Nahanni National Park Reserve in the Northwest Territories of Canada, approximately 500 kilometres (311 miles) west of Yellowknife, protects a portion of the Mackenzie Mountains Natural Region. The centrepiece of the park is the South Nahanni River. Four great canyons, called First, Second, Third and Fourth Canyon, line this spectacular whitewater river. The name Nahanni comes from the indigenous Dene language and can be translated as 'spirit.'
At Virginia Falls, the river plunges 90 metres (295 feet) in a thunderous plume. It is more than twice the height of Niagara Falls. In the center of the falls is a dramatic spire of resistant rock, called Mason's Rock after Bill Mason, the famous Canadian canoeist, author, and filmmaker. There is a proposal to rename the falls after former Canadian Prime Minister Pierre Trudeau. Aside from the falls, there are many notable rapids on the river including Figure Eight, George's Riffle, and Lafferty's Riffle.
The park's sulphur hotsprings, alpine tundra, mountain ranges, and forests of spruce and aspen are home to many species of birds, fish and mammals. A visitor centre in Fort Simpson features displays on the history, culture and geography of the area. The park was among the world's first four natural heritage locations to be inscribed as World Heritage Sites by UNESCO in 1978.
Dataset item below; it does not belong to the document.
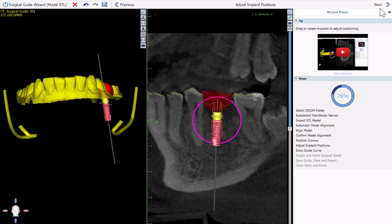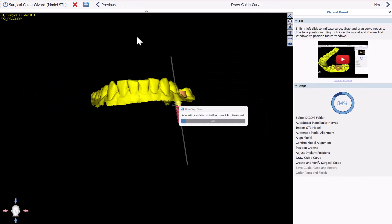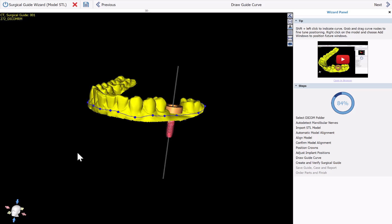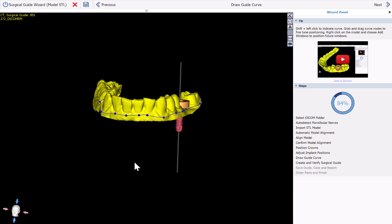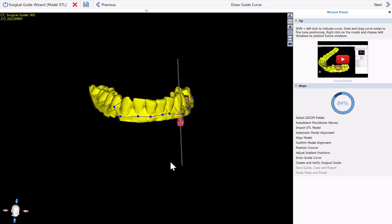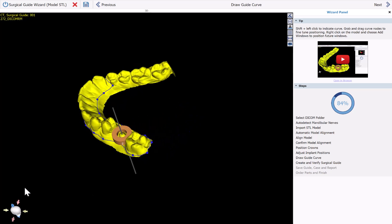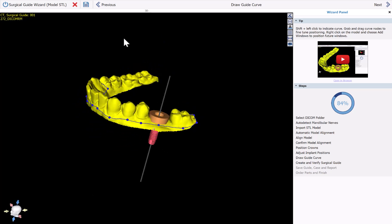I'm going to now click Next, and what we see happening is the software is going to draw the surgical guide curve automatically. The curve appears on the screen — we can confirm and fine-tune as necessary — and once that is done, click Next.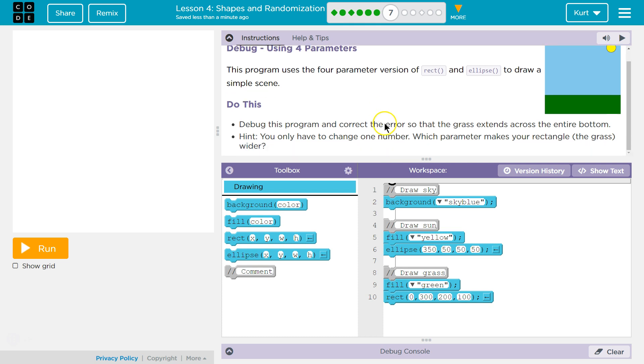Do this: Debug this program and correct the errors so that the grass extends across the entire bottom. Hint: You only have to change one number. Which parameter makes your rectangle, the grass, wider?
Originally established in 1972, by then Prime Minister Pierre Trudeau, the park was 4,766 square kilometres (1,840 square miles) in area. In 2003, an agreement between the Dehcho First Nations and Parks Canada gave temporary protection to 23,000 km² (8,880 sq mi). In August 2007, Prime Minister Stephen Harper announced that an extra 5,400 km² (2,085 sq mi) would be added, bringing the total area to 28,000 km² (10,811 sq mi), making Nahanni Canada's third largest national park.
The only practical way to get to Nahanni National Park is by float plane or by helicopter. Around 800-900 people visit the park every year.